The pond was very very busy with the heat being what it is. But while the heat brings eveything out it also means they are mainly buzzing around like maniacs and barely settling to rest. I could see a whole host of Needham's Skimmers zooming back and forth but couldnt get a show of any of them. I thought the same was going to be true of the Saddlebags too. These things never ever perch so far as Ive seen and I thought Id be out luck again until the mating pair appeared. They mate on the wing and oviposit on the wing too but at least all the action slows them down sufficiently to grab a picture or two.Like so:
I think these are Black Saddlebags  Tramea lacerata . The name comes from the big dark patches at the base of the wings that supposedly look like...saddlebags.

Elsewhere, in the yard  most of the butterflies to be seen were American Painted Ladies Vanessa virginiensis. Very like the Painted Lady Vanessa cardui I knew from the UK which occurs here too. The best way to tell them apart is from the underwings. I'll search out underwings for both to post later. Meanwhile this week the American Painted here did escape the attention of the crab spider.
The spider retired back into the buddleia flowers as it wasn't vey well camouflaged otherwise. They can range from white through yellow to green according to where they are hanging out. But deep purple is beyond its mimic ability.

And in the front yard our Yucca has a 6 foot spike of white flowers that is full, as every year with these leaf Footed Bugs Leptoglossus phyllopus. Understandably we at Chez Banished call them the Yucca Bugs.




Friday, June 1, 2012

In Concert

The second of the two early Swallowtails duly emerged on Sunday morning. Usefully for the blog it turned out to be a female which gives us an excellent opportunity to compare the two for ID purposes.

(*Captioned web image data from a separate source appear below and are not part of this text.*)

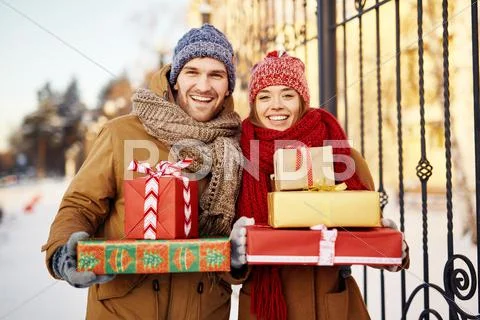 Happy young dates with wrapped xmas gifts Stock Photos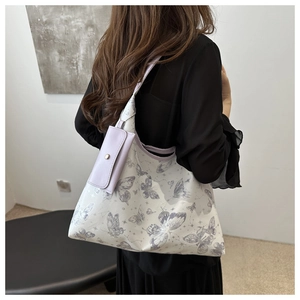 Détail du sac cabas à imprimé papillon avec une petite pochette violette amovible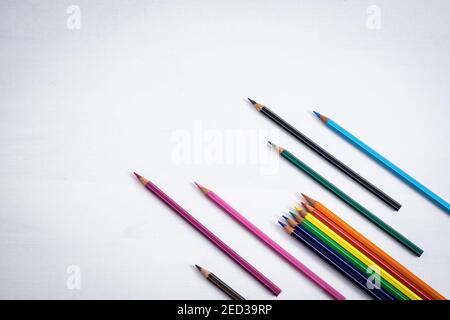 Many colored crayons are placed in an inclined position like arrows on a white background, ample space available for text. Stock Photo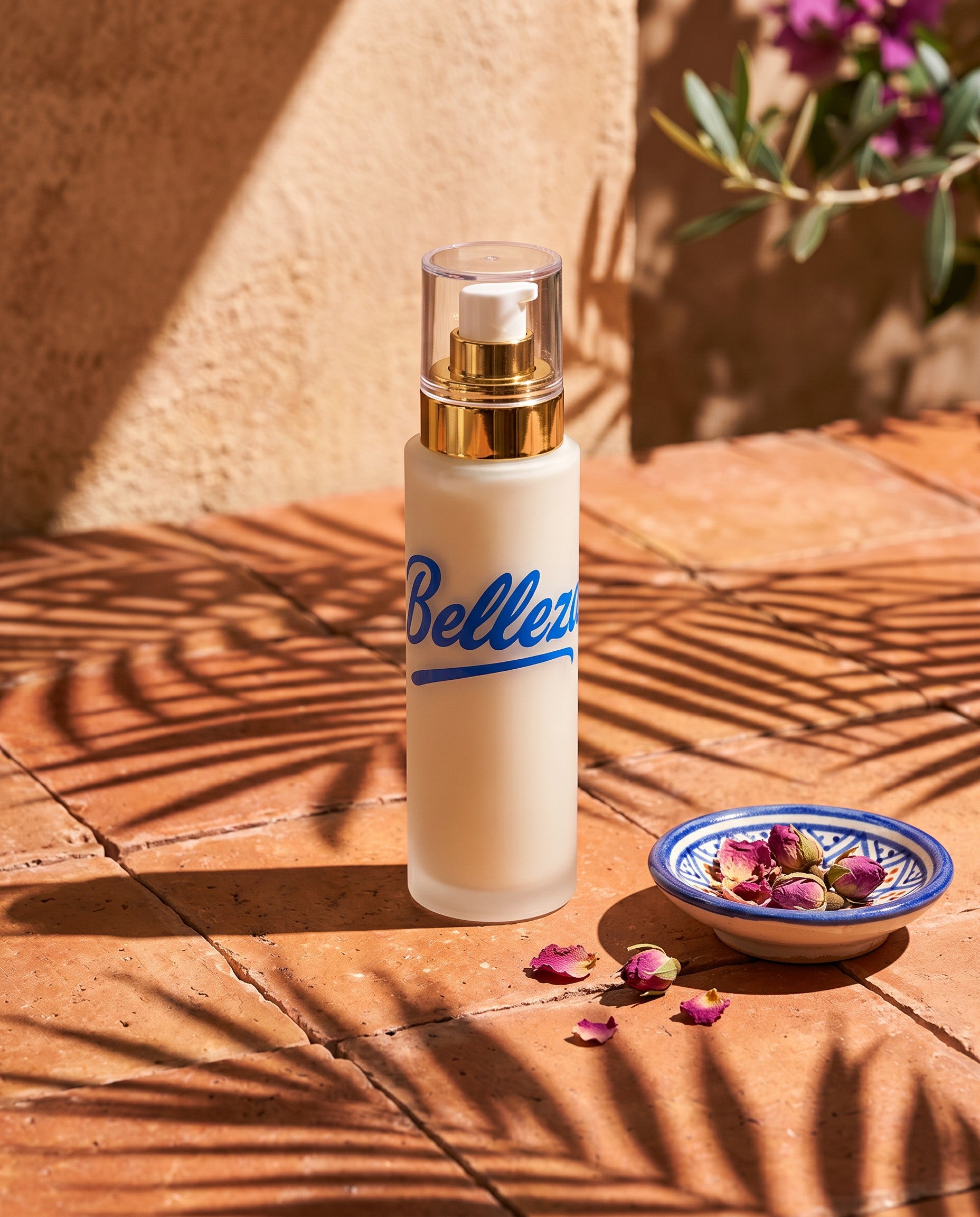 Belleza moisturizer on terracotta tiles beside a blue ceramic dish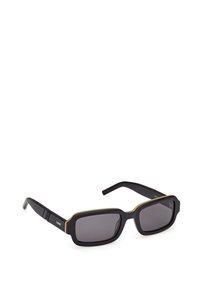 Mustat suorakulmaiset aurinkolasit, joissa on mattapinta, keltaisia korostuksia kehyksen reunoilla ja tummanharmaat linssit. Pyöristetyt kulmat ja leveät templet.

If we look back at Saturday's specimen we can see all that yellow on the upper surface of the wings. But looking at Sundays we see:
Very little yellow at all particularlly on the forewings.



Lots of activity this hot weekend. What looked like the first Needhams skimmer perched momentarily on the fence Sunday but was away before I got close enough and over said fence to next door.



Interesting and colourful true bug nymph on one of the trees Sunday too.



This is apparently a Florida Predatory Stink Bug nymph Euthyrhynchus floridanus. Striking colours.  After the BugGuide ID I looked at the adult picture and realised that I had seen it and photographed it before way back in 2004 during my 'idle' summer before I had my work permit and my long days were filled with ferretting around the yard, digging new flower beds, fixing stuff on the house and deck and photographing with my then new little camera, the Olympus that I now let Banished Jr. use.
2004's adult Florida Predatory Stink Bug

That was a good camera for all but the closest macro and it had an admirable depth of field. May of that year, when I had all that free time it got me some very nice  Northern Green Frog Lithobates clamitans melanota that I havent got nearly as good since. I thought this was a bullfrog but as usual I'm wrong.
The pond margins are too over grown now and the cover is too good to get  a view like this. I know the bull frogs are out there, I hear them when ever I go down to the pond,. And booming through the warm nights. The best are nights when the Green frogs too are singing. These move in and out of synch the whole thing producing a Steve Reich-ian amphibian concert night after night... If you can stand the mosquitoes long enough to sit out side and listen.